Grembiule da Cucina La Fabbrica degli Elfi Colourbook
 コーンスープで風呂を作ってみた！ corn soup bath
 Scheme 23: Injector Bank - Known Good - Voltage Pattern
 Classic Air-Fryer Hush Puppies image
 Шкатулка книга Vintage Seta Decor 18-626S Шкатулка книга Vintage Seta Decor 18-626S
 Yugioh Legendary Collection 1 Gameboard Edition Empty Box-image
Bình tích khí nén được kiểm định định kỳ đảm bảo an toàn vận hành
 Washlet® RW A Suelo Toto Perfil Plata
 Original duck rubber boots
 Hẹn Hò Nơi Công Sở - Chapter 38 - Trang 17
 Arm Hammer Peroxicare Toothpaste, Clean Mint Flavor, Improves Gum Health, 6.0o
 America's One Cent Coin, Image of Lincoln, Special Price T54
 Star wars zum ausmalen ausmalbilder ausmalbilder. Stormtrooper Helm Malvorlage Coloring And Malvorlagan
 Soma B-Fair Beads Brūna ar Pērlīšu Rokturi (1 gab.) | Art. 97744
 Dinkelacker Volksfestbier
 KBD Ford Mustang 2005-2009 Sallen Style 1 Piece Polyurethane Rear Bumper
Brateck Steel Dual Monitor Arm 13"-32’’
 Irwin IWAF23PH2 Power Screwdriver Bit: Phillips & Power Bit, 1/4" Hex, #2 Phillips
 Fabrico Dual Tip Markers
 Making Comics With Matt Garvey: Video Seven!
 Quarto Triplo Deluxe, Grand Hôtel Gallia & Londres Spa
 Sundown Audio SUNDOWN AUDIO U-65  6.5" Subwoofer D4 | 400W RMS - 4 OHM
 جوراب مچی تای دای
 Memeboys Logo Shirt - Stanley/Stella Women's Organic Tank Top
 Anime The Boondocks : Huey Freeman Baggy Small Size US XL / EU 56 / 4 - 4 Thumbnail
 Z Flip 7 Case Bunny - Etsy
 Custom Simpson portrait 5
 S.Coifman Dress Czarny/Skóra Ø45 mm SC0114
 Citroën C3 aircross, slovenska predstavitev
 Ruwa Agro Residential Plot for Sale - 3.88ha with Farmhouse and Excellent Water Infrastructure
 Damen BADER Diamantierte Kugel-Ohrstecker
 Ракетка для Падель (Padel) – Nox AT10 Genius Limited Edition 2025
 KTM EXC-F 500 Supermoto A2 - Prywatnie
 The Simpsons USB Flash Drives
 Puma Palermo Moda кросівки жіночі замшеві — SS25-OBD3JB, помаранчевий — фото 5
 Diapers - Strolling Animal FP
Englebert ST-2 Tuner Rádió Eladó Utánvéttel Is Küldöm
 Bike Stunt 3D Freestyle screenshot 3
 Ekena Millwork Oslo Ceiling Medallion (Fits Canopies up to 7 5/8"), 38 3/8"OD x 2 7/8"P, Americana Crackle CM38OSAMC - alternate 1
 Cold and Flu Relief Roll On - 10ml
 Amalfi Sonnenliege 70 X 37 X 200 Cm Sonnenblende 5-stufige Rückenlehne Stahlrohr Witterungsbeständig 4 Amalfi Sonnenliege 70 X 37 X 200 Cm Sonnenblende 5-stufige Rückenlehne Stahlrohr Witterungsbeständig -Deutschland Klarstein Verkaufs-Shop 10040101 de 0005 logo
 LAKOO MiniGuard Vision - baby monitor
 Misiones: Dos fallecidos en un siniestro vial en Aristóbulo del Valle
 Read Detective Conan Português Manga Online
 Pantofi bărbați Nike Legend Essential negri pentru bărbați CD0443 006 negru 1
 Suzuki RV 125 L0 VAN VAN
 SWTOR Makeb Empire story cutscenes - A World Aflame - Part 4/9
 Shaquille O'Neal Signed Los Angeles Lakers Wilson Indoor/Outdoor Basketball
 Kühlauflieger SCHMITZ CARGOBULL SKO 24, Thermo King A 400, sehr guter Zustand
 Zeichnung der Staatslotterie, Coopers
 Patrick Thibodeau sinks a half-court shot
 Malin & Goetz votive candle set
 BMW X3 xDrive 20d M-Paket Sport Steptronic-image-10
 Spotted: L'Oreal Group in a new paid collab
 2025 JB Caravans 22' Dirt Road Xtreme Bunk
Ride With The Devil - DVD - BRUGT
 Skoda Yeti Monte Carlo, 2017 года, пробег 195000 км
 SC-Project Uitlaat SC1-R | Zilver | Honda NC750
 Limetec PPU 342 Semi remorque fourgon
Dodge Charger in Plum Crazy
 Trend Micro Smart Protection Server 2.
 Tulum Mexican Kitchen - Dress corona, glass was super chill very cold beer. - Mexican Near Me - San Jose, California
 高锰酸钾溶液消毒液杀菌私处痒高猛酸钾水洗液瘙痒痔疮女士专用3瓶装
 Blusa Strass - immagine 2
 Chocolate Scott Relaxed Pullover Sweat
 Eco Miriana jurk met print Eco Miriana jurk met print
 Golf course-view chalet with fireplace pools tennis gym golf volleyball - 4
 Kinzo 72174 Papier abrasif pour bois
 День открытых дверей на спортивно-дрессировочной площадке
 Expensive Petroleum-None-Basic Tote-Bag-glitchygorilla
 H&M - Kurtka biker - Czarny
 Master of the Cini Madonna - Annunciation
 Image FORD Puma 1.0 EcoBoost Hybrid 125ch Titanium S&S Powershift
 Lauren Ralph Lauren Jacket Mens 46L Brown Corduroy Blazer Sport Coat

══════════

• _Assigned task_: Return each line of the data where the word "Puma" appears.

• _The answer_:
 Puma Palermo Moda кросівки жіночі замшеві — SS25-OBD3JB, помаранчевий — фото 5
 Image FORD Puma 1.0 EcoBoost Hybrid 125ch Titanium S&S Powershift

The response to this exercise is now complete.